Politicians would rather you not think about that, but as luck would have it, economists do. While they disagree about the specific ramifications of specific minimum wage hikes, economists agree about the effects in general. In a 2015 survey by the Employment Policies Institute, 83 percent of economists polled said raising the federal minimum wage to $15 an hour would reduce youth employment, and 76 percent said that it would reduce the total number of jobs available.
That some non-economists disagree is due to popular minimum wage myths. It does us well to think about them without the politicians in the room.
Myth: The minimum wage regulates how much employers pay.
The minimum wage actually regulates whom employers will hire.

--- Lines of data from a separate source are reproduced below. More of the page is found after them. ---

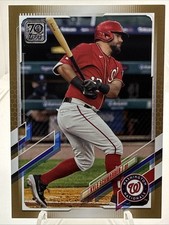 2021 Topps Kyle Schwarber Gold /2021 Washington Nationals #473 Series 2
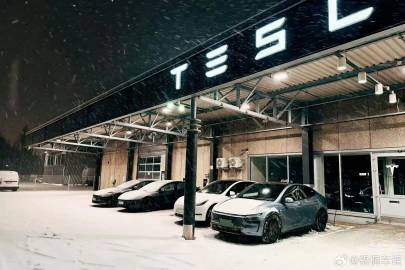 特斯拉四季度净利润暴跌61%；2026第一家停摆车企来了？岚图今年要推...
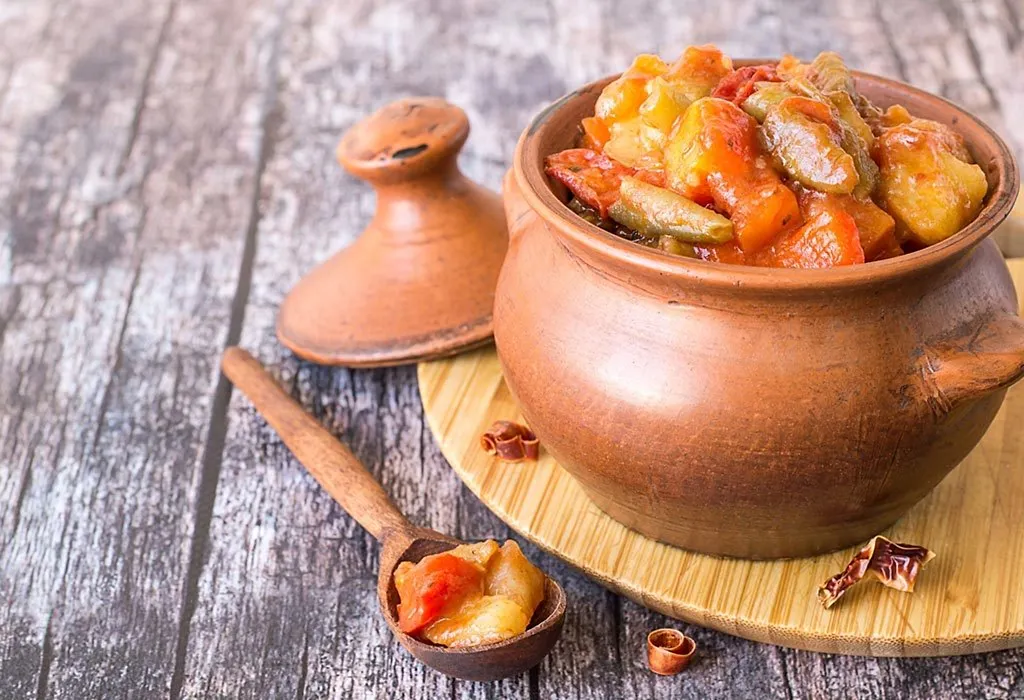 What Are The Advantages & Benefits Of Cooking in Clay Pot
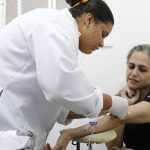 Aconselhamento de 3 minutos em serviços de saúde pode frear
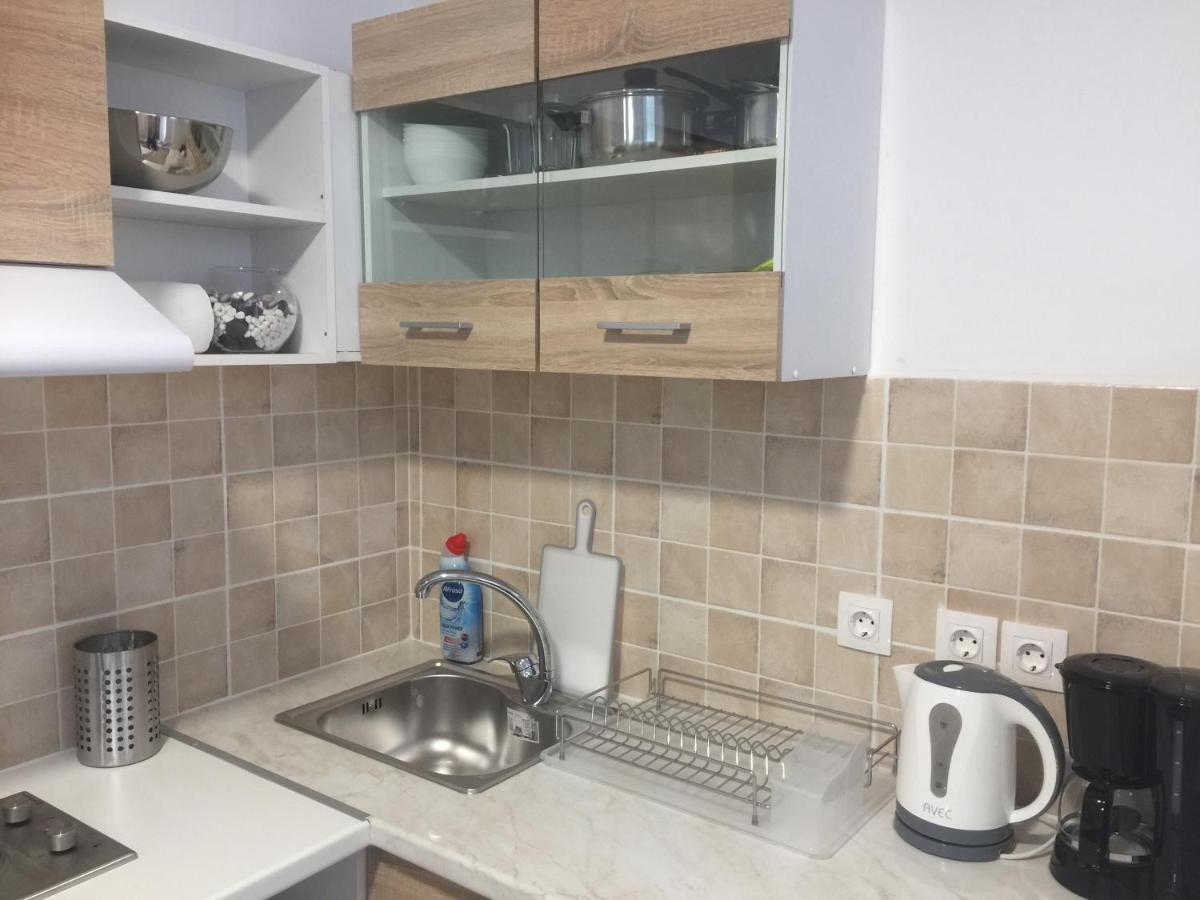 Loutraki Hostel Zewnętrze zdjęcie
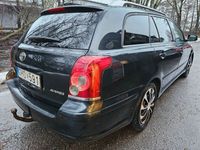 begagnad Toyota Avensis Kombi 2.4 D-4 VVT-i Euro 4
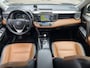 Toyota RAV4 2.5 Hybrid Executive | Panorama dak | Dodehoek detectie | 360° camera | Trekhaak| Adaptive cruise control | Keyless entry | Lederen bekleding | Voorstoelen verwarmd | Parkeersensoren |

In effect, the minimum wage prohibits people from working at all unless they can find an employer willing to pay them the minimum. But how much an employer is willing to pay depends on how much value the worker contributes. And a minimum wage doesn’t make workers more valuable; it makes them more expensive. A worker whose skills only add $10 an hour to a company’s bottom line will find himself jobless when the minimum wage goes to $12.
Myth: Raising the minimum wage stimulates the economy by putting more money in workers’ pockets.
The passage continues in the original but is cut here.